#### [Data for the task]
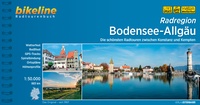 Bodensee-Allgäu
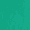 Color swatch - EMERALD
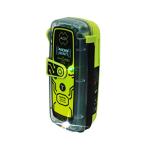 Schwimmendes GPS-Ortungsgerät für Prepper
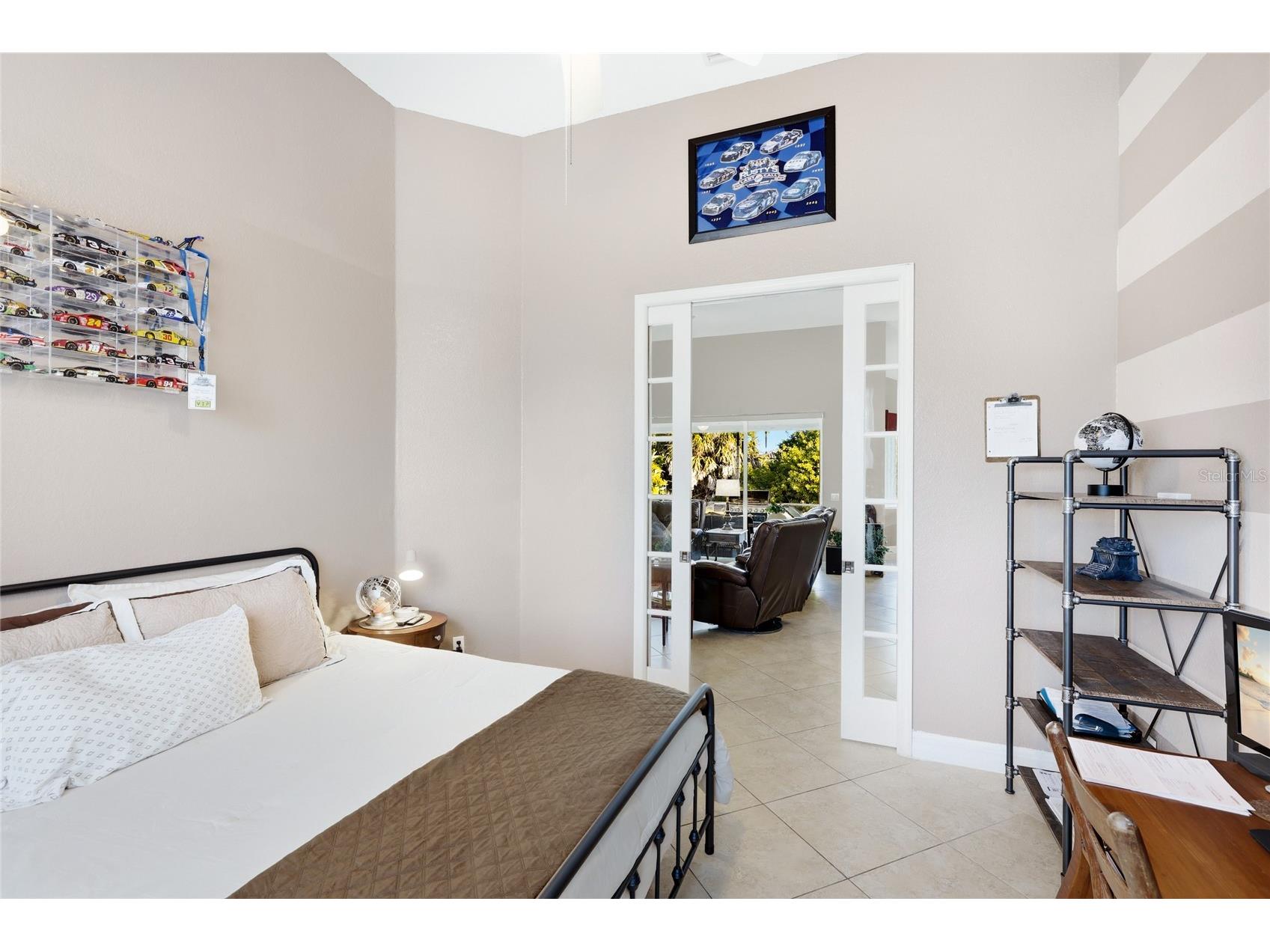 17220 Horizon Lane Port Charlotte FL 33948 A4679385 image20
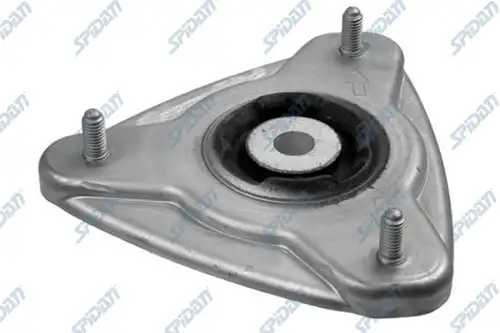 тампон на макферсън SPIDAN CHASSIS PARTS 410303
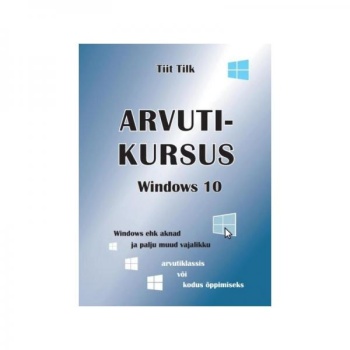 430-430_6486b396787ce0.52035194_18275-18275_5d8b471696cb41.35137867_arvutikursus-windows-10_large_large.jpg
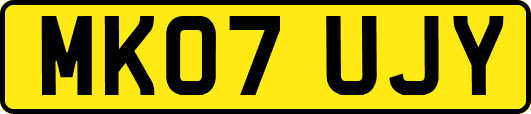 MK07UJY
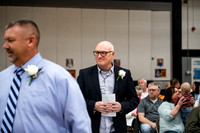 20260522HNGraduation-3655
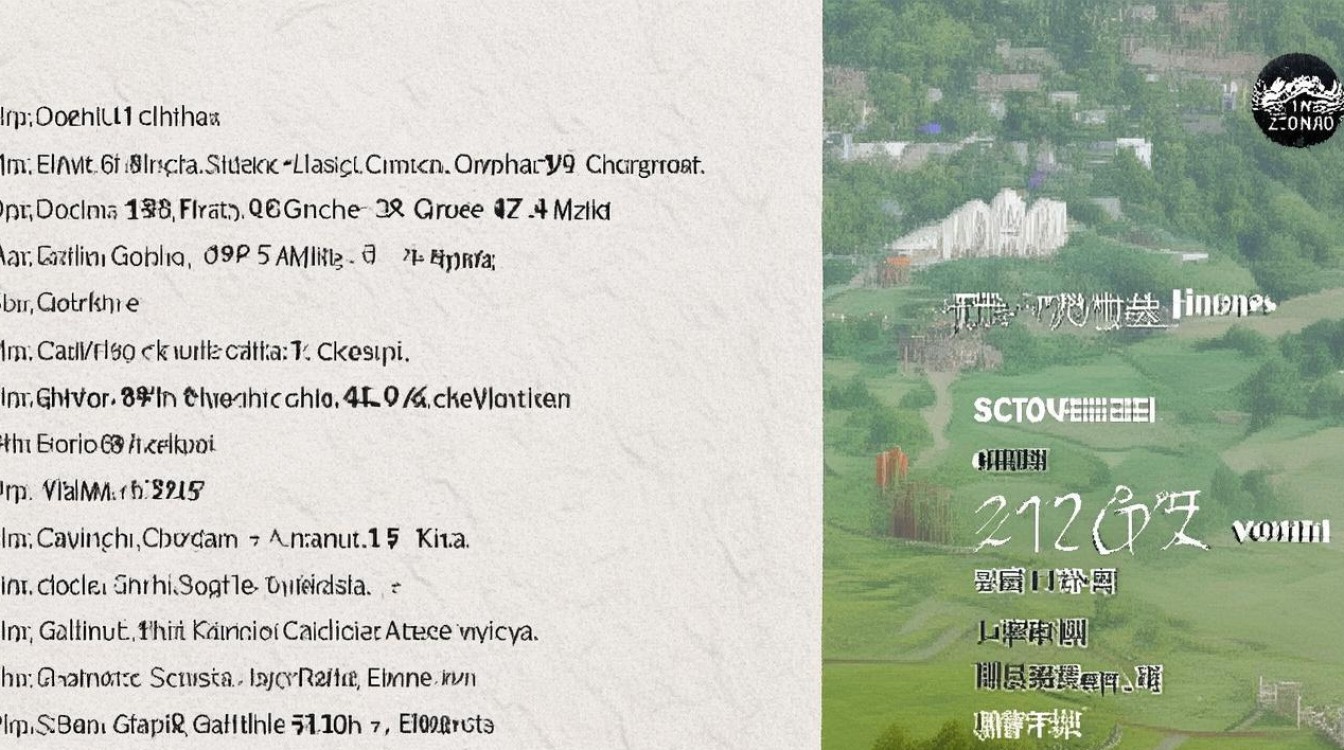 青海录取大学有哪些？2026青海高考录取分数线是多少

#### [What is expected]
Please restate each entry exactly, but drop any picture it holds.

#### [Solution]
 Bodensee-Allgäu
 Color swatch - EMERALD
 Schwimmendes GPS-Ortungsgerät für Prepper
 17220 Horizon Lane Port Charlotte FL 33948 A4679385 image20
 тампон на макферсън SPIDAN CHASSIS PARTS 410303
 430-430_6486b396787ce0.52035194_18275-18275_5d8b471696cb41.35137867_arvutikursus-windows-10_large_large.jpg
 MK07UJY
 20260522HNGraduation-3655
 青海录取大学有哪些？2026青海高考录取分数线是多少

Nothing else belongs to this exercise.